Dataset content |
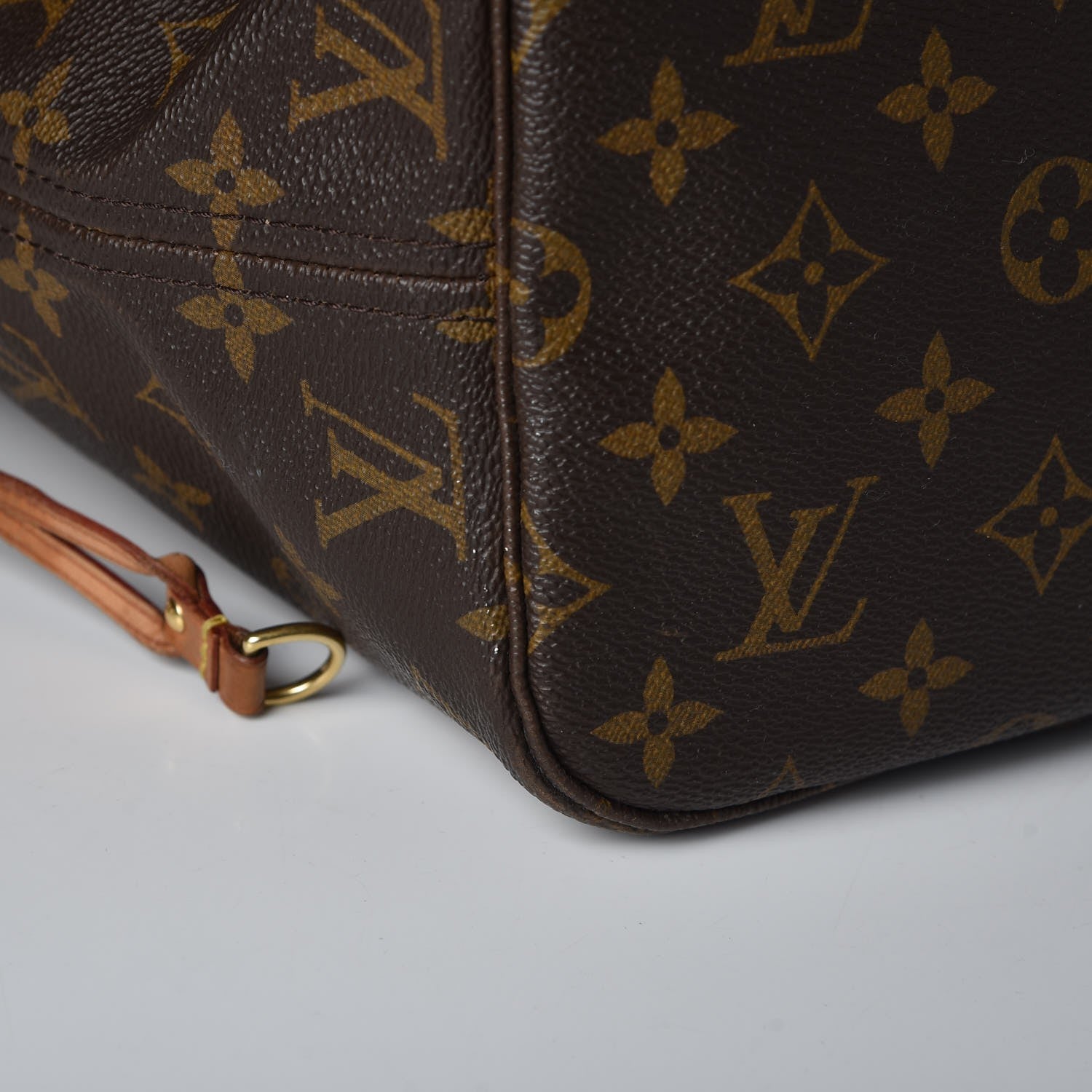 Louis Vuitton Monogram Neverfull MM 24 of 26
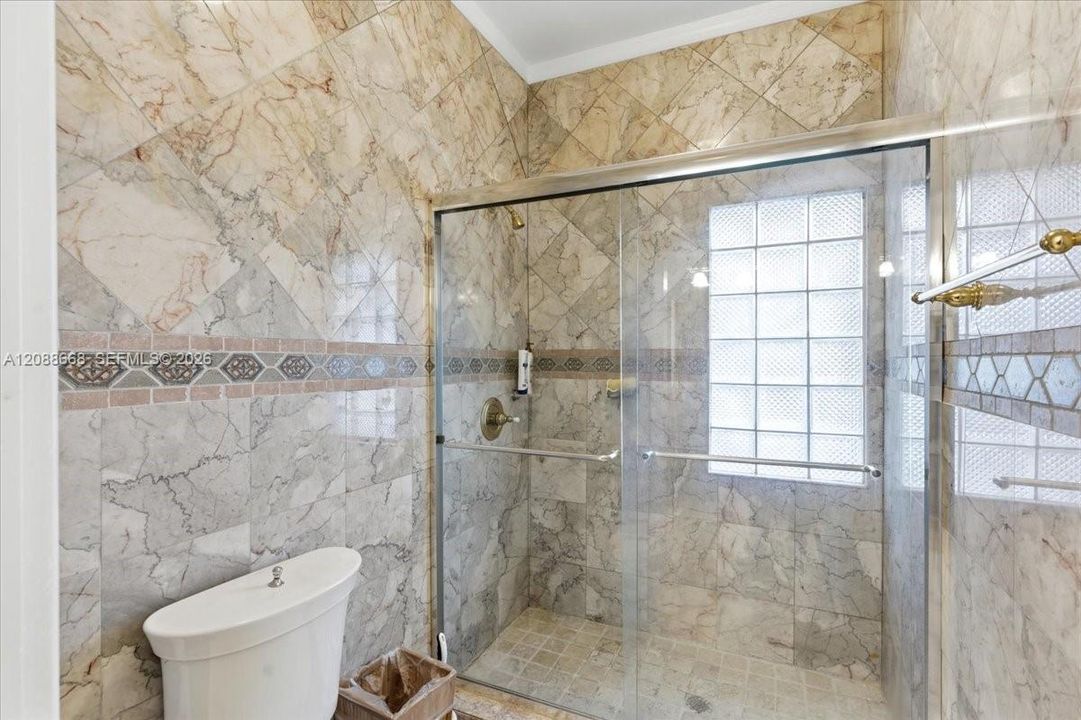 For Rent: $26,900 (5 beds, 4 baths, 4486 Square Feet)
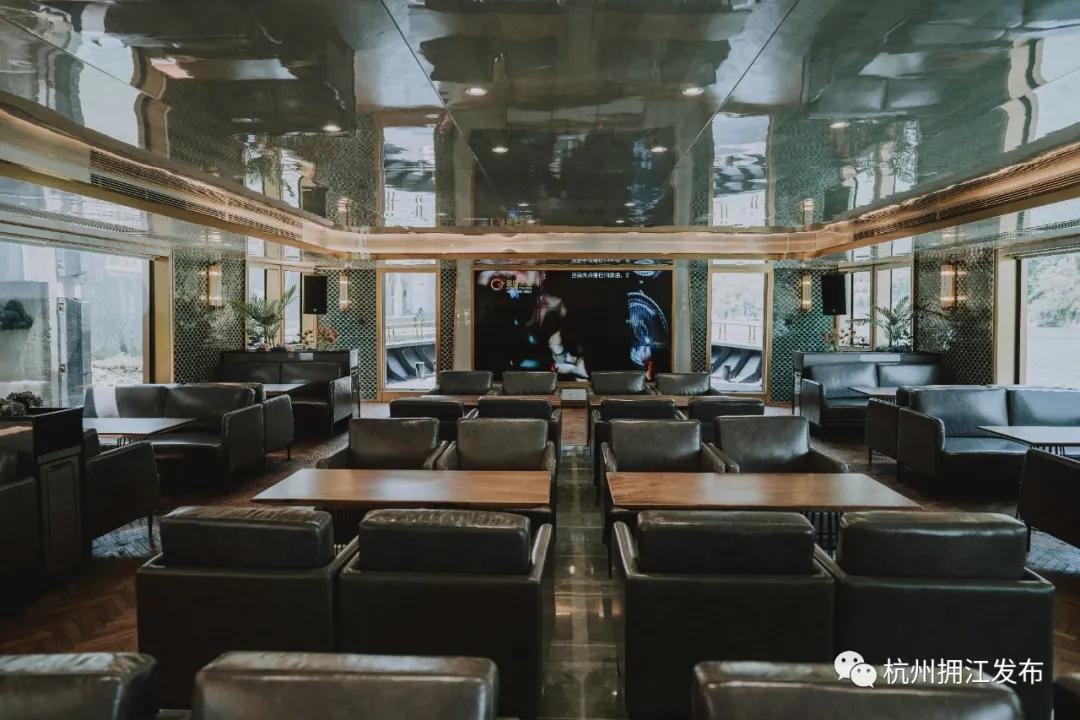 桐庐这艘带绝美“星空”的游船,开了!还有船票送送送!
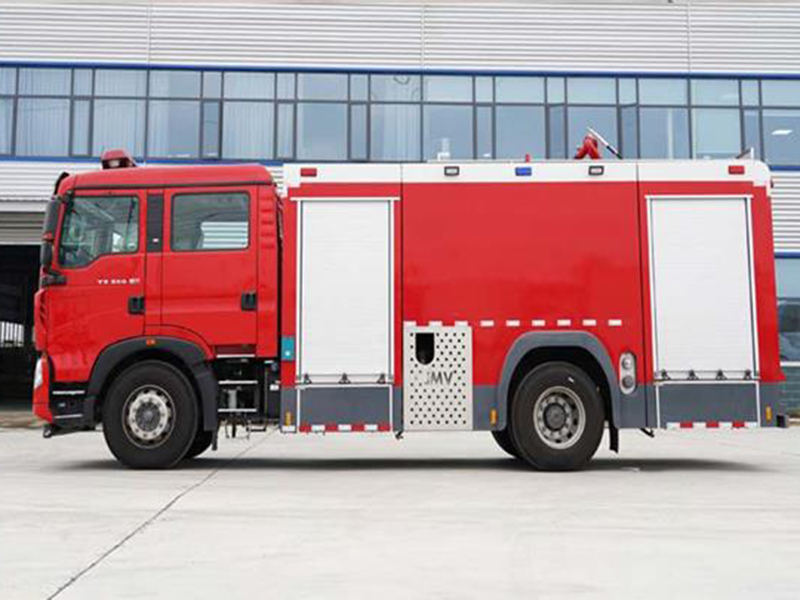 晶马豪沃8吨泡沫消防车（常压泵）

Exercise prompt |
Each line of the material is to be output exactly. Images are not part of the expected output.

Task solution |
 Louis Vuitton Monogram Neverfull MM 24 of 26
 For Rent: $26,900 (5 beds, 4 baths, 4486 Square Feet)
 桐庐这艘带绝美“星空”的游船,开了!还有船票送送送!
 晶马豪沃8吨泡沫消防车（常压泵）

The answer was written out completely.